I wish I could tell you I got drunk and yelled at the customers. I wish I could say I kissed the hostess and knocked over a few chairs as I walked out. But that would be another story, a story were I wasn't so humiliated.
That night the audience clapped for the winner and I squeezed my huge crossed arms into my chest. My nostrils flared out like fox ears and I would have burned them all alive like Jesus, as a child, in the Infancy Gospel of Thomas.
I was robbed and humiliated in the worst way. Every week this downtown bar & grill hosted a poetry competition. Each Monday a cook from the kitchen would call us into a corner of the room they called a stage.
The first week I was there on a whim. A friend told me the B&G paid fifty bucks to the weekly winners, and she and I promptly drank the purse once it was placed into my hands.
I should have seen the signs that things were going to go bad on the night of the final competition. By the time I found out about the contest half of the ten weeks was already over. I won four of the competitions in a row, and on the last open round the bartender wiped off his bar with a dirty rag and told me I could not compete. He shrugged.
"Sorry, that's what the manager told me."
So I showed up the night of the finals, where I was four of the ten winners, when the cook came out and called two of us into the corner. Only one of the other winners showed. She was one of those nasty Phish hippies with her hair bound up in dreads like matted dog hair. I knew I was a chinch.
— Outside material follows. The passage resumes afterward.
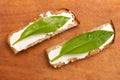 Sandwiches from slices of bread with mayonnaise and ramson leaves, top view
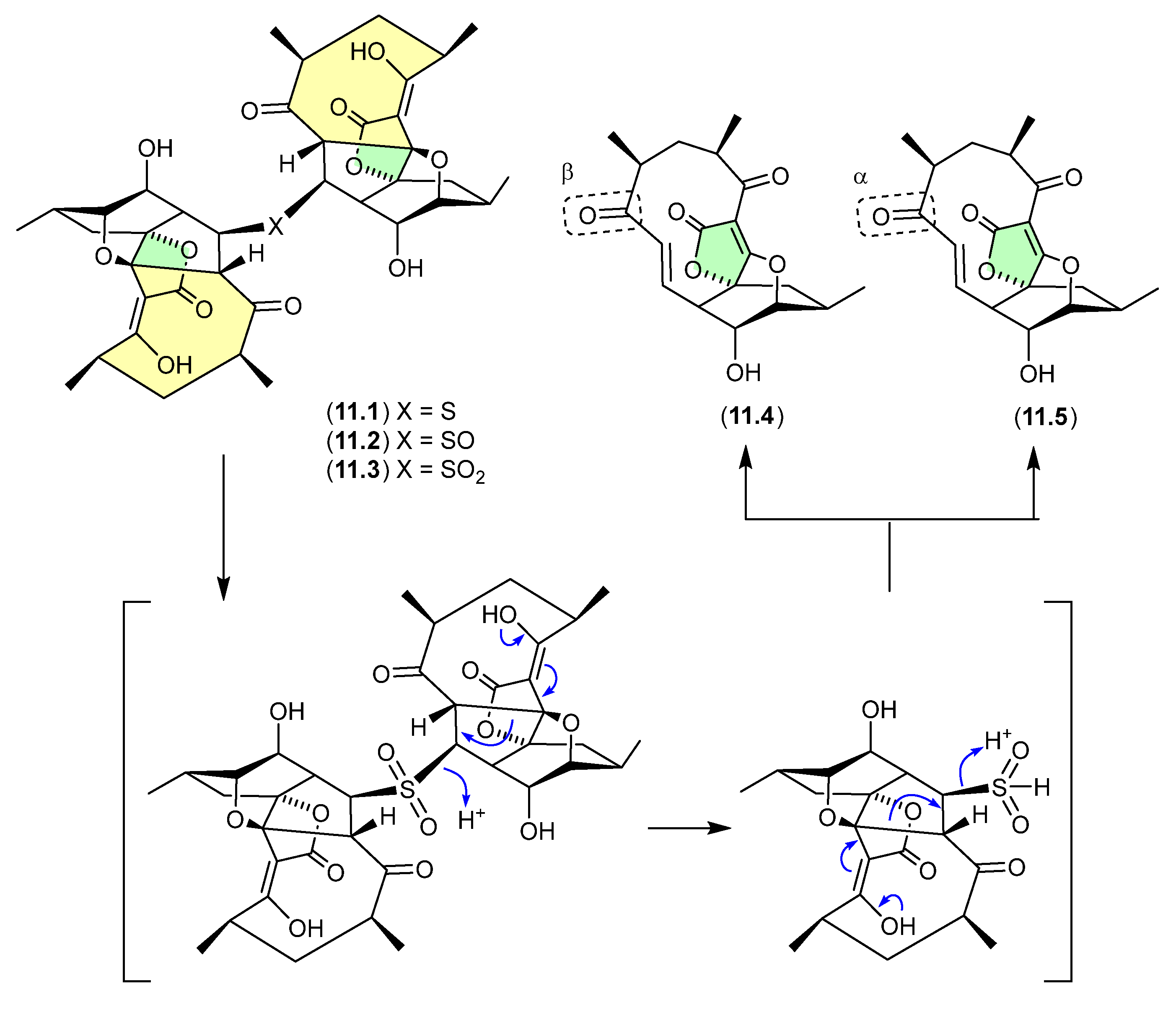 Marinedrugs 24 00005 g089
When she took the stage her hands shook. When she started reading her voice cracked and she could barely speak above a whisper. I was planning on giving the final prize, two tickets to merlefest, to my parents for their anniversary. Then I took the stage.
My delivery was perfect. The boom in my voice carried to the back of the restaurant. All the patrons stopped eating and watched as I delivered my sermon. When it was over everyone clapped like it was their child on the stage. The cook came back up. He told the audience to applause for their favorite piece. A mild applause broke out when he called my name. Then it happened. All the dishwashers and staff came out of their hiding places and it sounded like a riot when the cook called up the hippie. My jaw dropped at the injustice. I knew none of these people could hear her poem because I could barely hear it when I stood behind her.
I walked out without the prize, but with one of the best lessons I have ever had as a writer. Talent gets you nothing but a punch in the face from time to time. If I were to show people my files of rejection slips as thick as volumes of A Remembrance of Things Past they would ask me why I still bother. But I am a hard headed old fool. You have to be if you're going to write fiction. If you want to write great fiction you make the same mistakes over and over.
When people ask me about my writing I tell them I am the best writer they will ever know. This statement may never be true, but maybe I am. The reasons I say it is because when you learn to take a punch you learn how to throw a few back.